According to official estimates, three hundred thousand people lost lives. Unofficial estimates are actually much higher. The same number suffered injuries, and over 1.3 million were displaced. The number of reports of property damage to homes and businesses also reached hundreds of thousands. Places of worship (churches and temples), art centers, schools, and government ministries were flattened like sandwiches (as people call them), destroying familial and fictive ties, already limited resources, and archives of all kinds, for they embodied historical as well as social memories.
In the immediate aftermath, many among the living became part of a new population of amputees, and the psychological effects of the trauma remain trapped in the bodies of those who, to this day, have yet to have access to the psychosocial services necessary to alleviate the post-traumatic stress disorder and other ills that now entrap them.
Those of us lot bo dlo, or “on the other side of the water,” as they say, who make our homes elsewhere, experienced what would become new signifiers for the space that stretches between here and there, making us part of Haiti’s diaspora. We watched the stories develop on television. With phone lines down and others types of communication inaccessible, it would take days and, in some instances, weeks and even months to learn what had happen to some of our kin. In other cases, such news is constructed from deductive reasoning, since it is clear that, at this point, if we have not heard from or of our friends and relatives, then they must have perished. The specifics (when, where, and how) remain mysteries, as the possibility of closure is even more improbable in many cases, given the logistics of displacement, the inhumane government discard of the dead, and the economics of retrieval.
It is said that 70 percent of Haiti’s diaspora (numbered at around one million) has suffered direct loss. The 30 percent who were not impacted directly remain implicated, because all of us know of someone who knows someone who knows someone else who perished in the quake. Actually, in most cases, all it takes is one degree of separation.

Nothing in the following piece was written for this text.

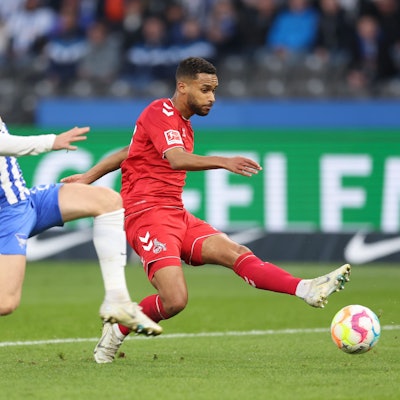 Linton Maina vom 1. FC Köln schießt den Ball. Maximilian Mittelstadt versucht den Ball abzuschirmen.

As with any other natural disaster, it is women who are disproportionately affected. The situation in Haiti was no different. In fact, in some ways, it was worse. As the potomitan of their families,24 women bear the responsibility of having to be present to care for their children, parents, and other dependent family members. With little to no infrastructure and in the absence of a state that has historically abandoned its nation, services were delivered to very few.